Zu diesem Zweck legten sie 84 Studenten einen umfangreichen Text über den Tukan, eine in Mittel- und Südamerika beheimateten Vogel, vor. 25 Minuten dauerte die Zeit, sich das Gelesene einzuprägen, dann wurden die Studiosi in drei Gruppen geteilt.

Eine Gruppe musste daraufhin einen Test mit 22 Fragen über den Tukan absolvieren. Gruppe Nummer zwei bekam zusätzlich Zeit, um sich 22 Aussagen über den Vogel einzuprägen - allerdings absolvierte sie keinen Test.

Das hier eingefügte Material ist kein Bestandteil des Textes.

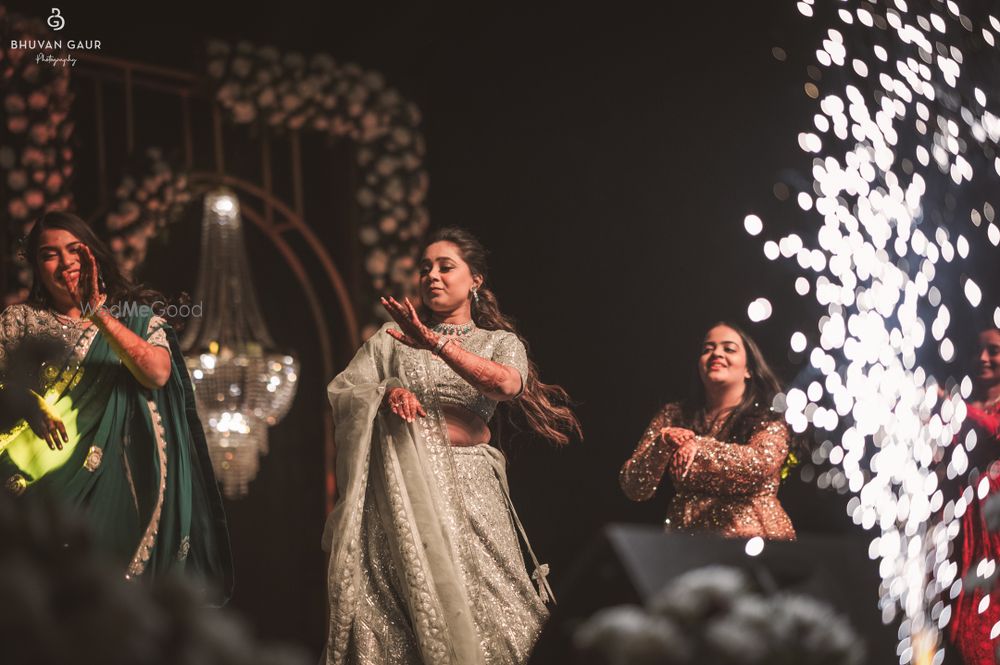 Photo From Bhumika & Siddharth : Sangeet Ceremony - By Bhuvan Gaur Photography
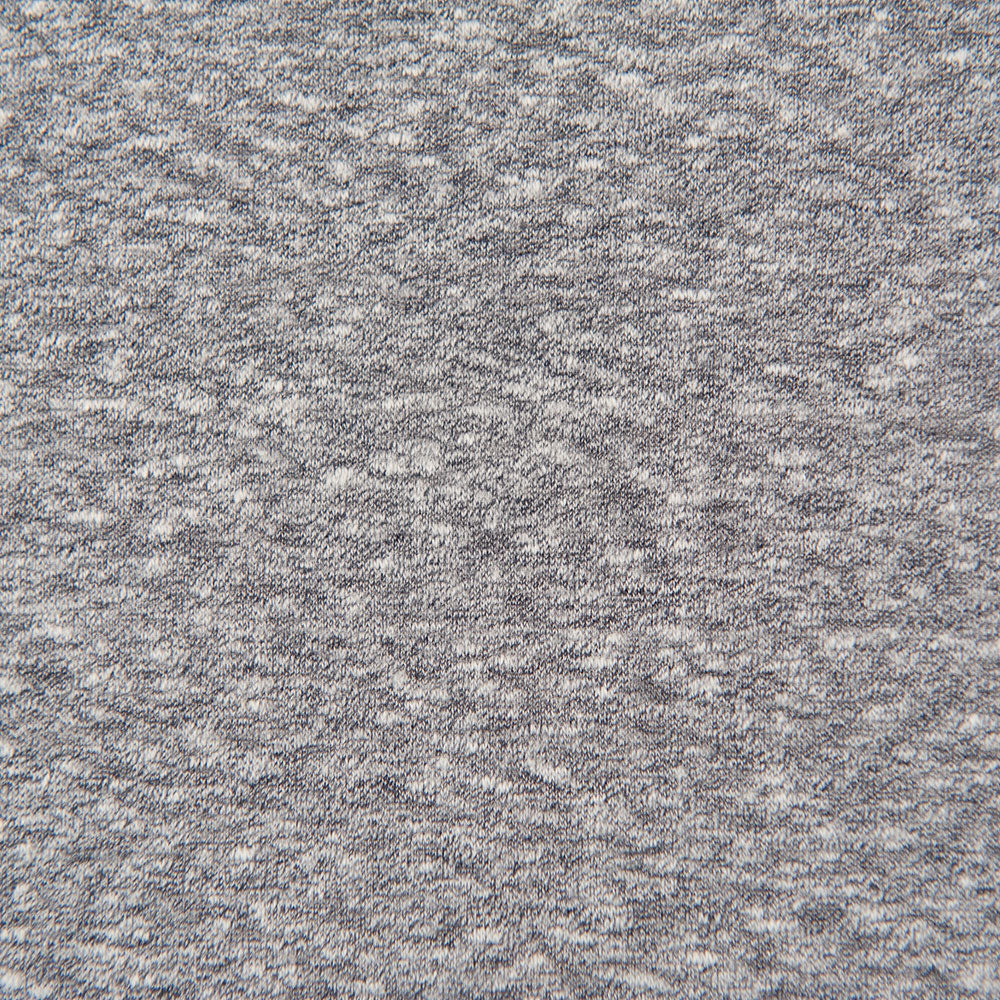 grey marl jersey fabric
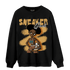 Cacao Wow 4s Sweatshirt Match Black Sneaker Girl - NastyJamz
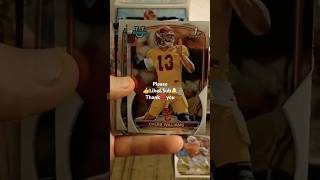 Caleb Williams 🔥 pulled 1st Bowman rc 💎 for 1st overall draft pick from the 2024 NFL Draft🔥 USC [upl. by Bokaj]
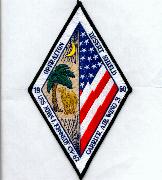 CV-67/CVW-3 1990 'Diamond' Cruise Patch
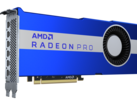 AMD Radeon Pro VII brings Vega 20 and 1 TB/s HBM2 goodness to industrial applications. (Image Source: AMD)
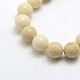 Natural Gemstone Petrified Wood Round Beads Strands UK-G-O021-4mm-12-2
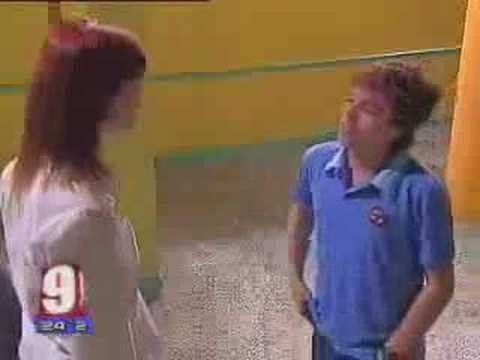 Marizza y Pablo despues de enfrentar a Sergio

Die dritte Gruppe diente der Kontrolle, sie hatte keine zusätzlichen Aufgaben zu erledigen.
Auch verwandte Inhalte werden gefestigt
Tags darauf war Prüfungszeit. Sämtliche Studenten mussten einen Test mit 22 neuen Fragen absolvieren. Das Ergebnis: Gruppe Nummer eins erreichte klar die besten Resultate. Das weist darauf hin, "dass beim Abrufen von Fakten auch verwandte Inhalte gefördert werden", schreiben die Forscher in ihrer Studie.
Variation bringt ähnliches Ergebnis
Damit war der Einfluss der Testsituation auf die Merkfähigkeit noch nicht bewiesen. Denn Gruppe Nummer eins hätte auch aus anderen Gründen besser abschneiden können. Etwa dann, wenn deren Mitglieder zufällig vifer gewesen wären, als die anderen Studenten.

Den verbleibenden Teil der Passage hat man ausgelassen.